Herein, we report a new series of linear oligosaccharide domain variants designed specifically for improved synthetic accessibility: two terminal disaccharide variants, a dirhamnose variant 4 (SQS-1-0-10-18) and a lactose variant 5 (SQS-1-0-11-18), the latter synthesized in only 16 total steps, and a 2-galactosamine variant 6 (SQS-1-0-12-18), which also features regiochemical modifications around the bridging monosaccharide. To access the latter two saponin variants efficiently, we developed a new, modular synthetic route involving initial attachment of the bridging monosaccharide residue to the triterpene core followed by installation of various terminal disaccharides. In contrast to our previous convergent approach,11–13 this new divergent route provides rapid access to diverse variants in the linear oligosaccharide domain of the Quillaja saponins.
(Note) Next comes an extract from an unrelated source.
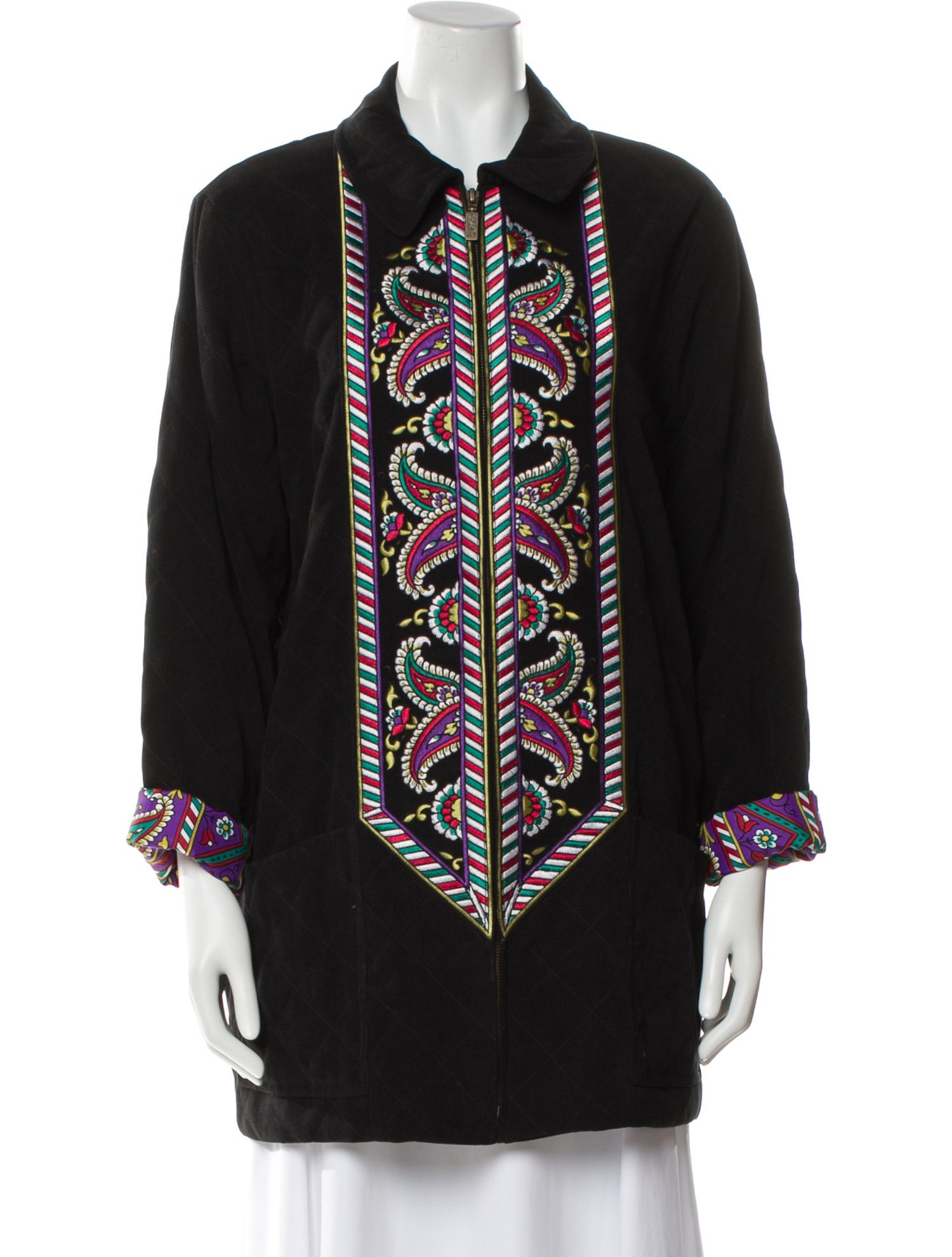 Bob Mackie Printed Coat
Synthesis of our previously identified lead compound 3 required 23 total steps with 14 steps in the longest linear sequence (LLS).13,14 Notably, synthesis of the linear trisaccharide alone required 16 steps. Thus, we designed three new saponin variants with specific consideration to synthetic efficiency based on selection of readily-available carbohydrate building blocks. In dirhamnose variant 4, repetition of the rhamnose residue would allow increased synthetic convergence. In lactose variant 5, use of commercially available lactose as the terminal disaccharide would significantly reduce the overall step count. In the regioisomeric 2-galactosamine variant 6, use of the readily available 2-azidogalactose residue would avoid the lengthy synthesis of the original 4-azidogalactose acceptor (cf. 3), while also changing the regiochemical relationship of the appended acyl chain domain and terminal disaccharide.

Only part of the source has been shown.